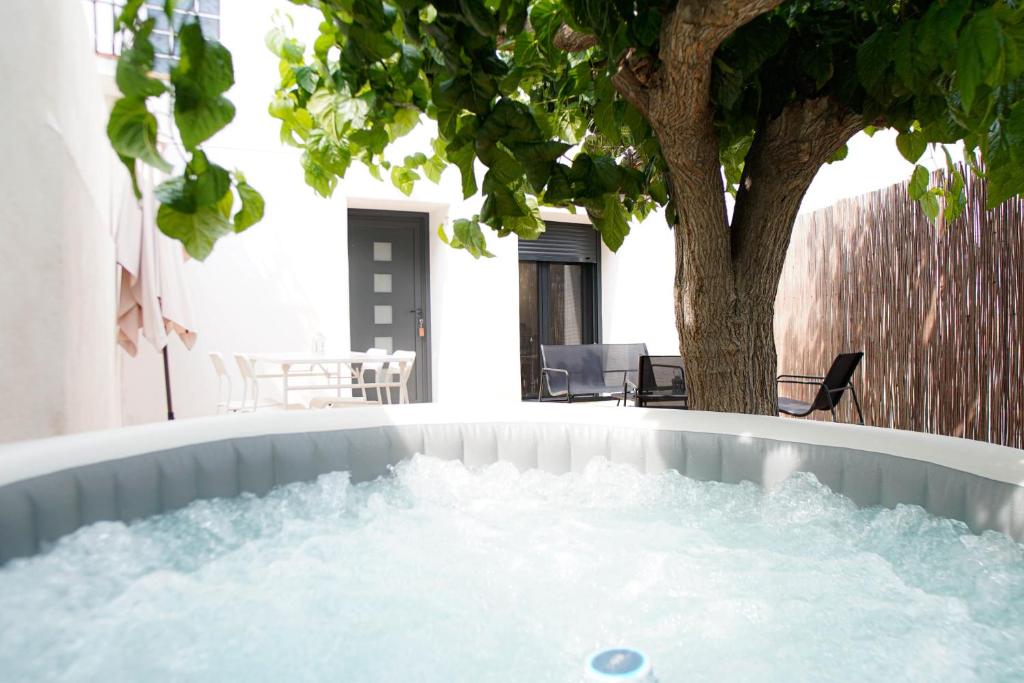 a hot tub in a backyard with a tree at Villa Carmensin in Deltebre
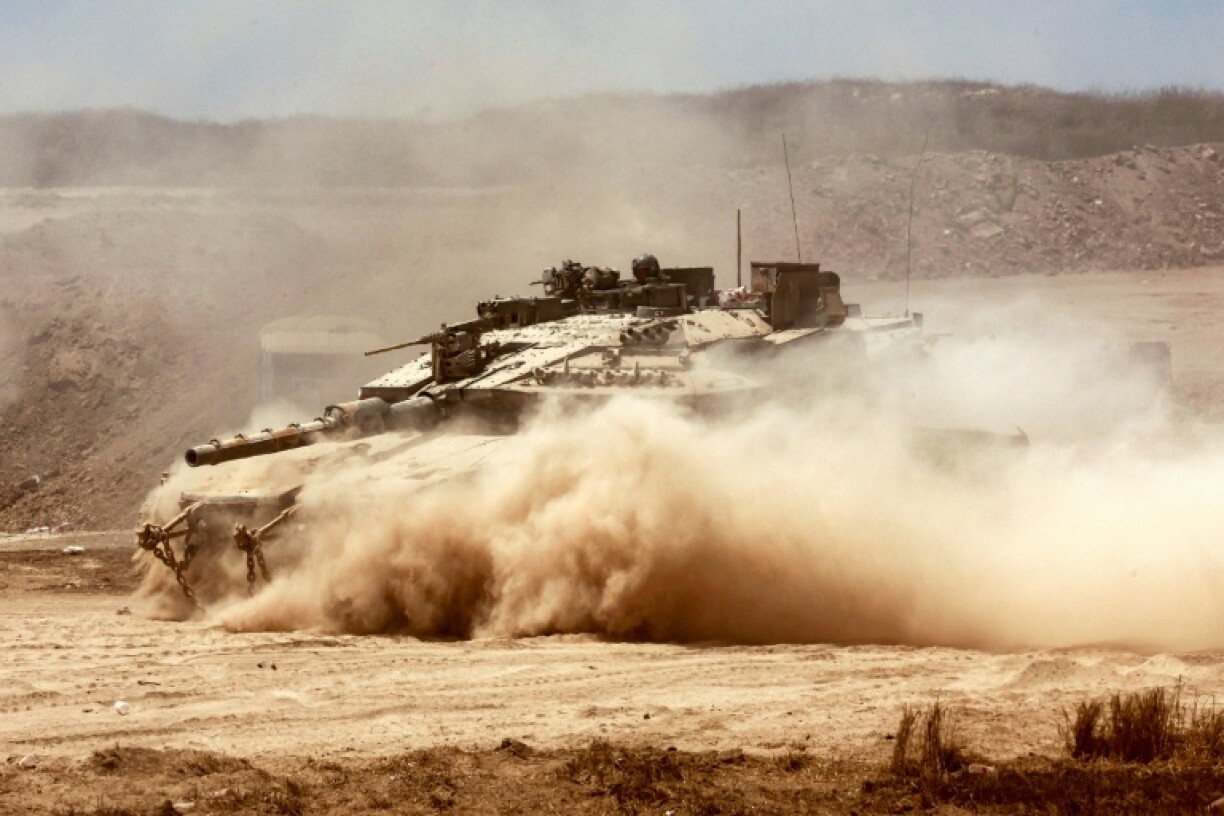 An Israeli tank moves into position along the border with the Gaza Strip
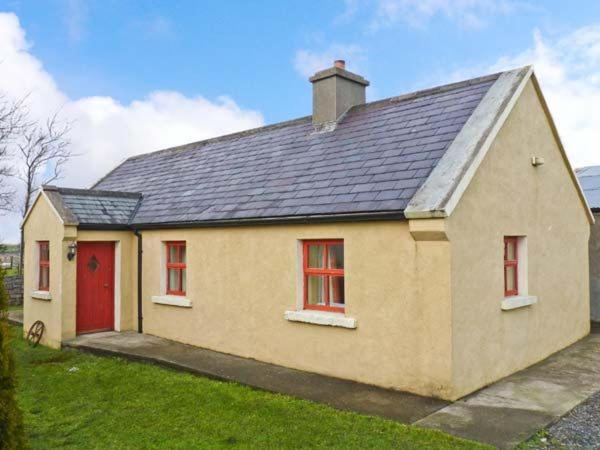 巴林罗布Cavan Hill Cottage的一间黄色的小房子,有红色的门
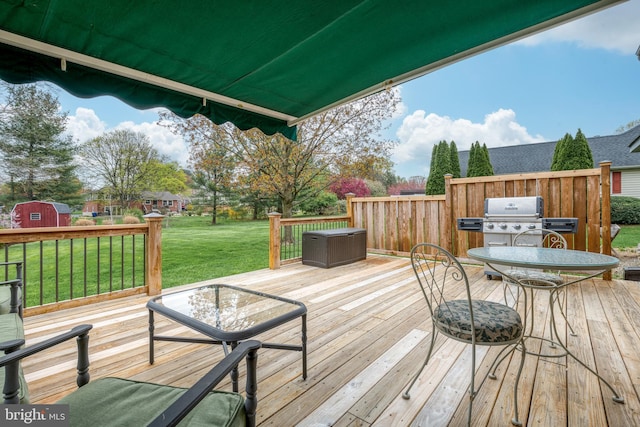 deck featuring grilling area, a lawn, and an outbuilding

===

▶ **WORK TASK**: What you hand back should match the listing exactly, except that no pictures appear.

▶ **SOLUTION TO THE EXERCISE**:
 a hot tub in a backyard with a tree at Villa Carmensin in Deltebre
 An Israeli tank moves into position along the border with the Gaza Strip
 巴林罗布Cavan Hill Cottage的一间黄色的小房子,有红色的门
 deck featuring grilling area, a lawn, and an outbuilding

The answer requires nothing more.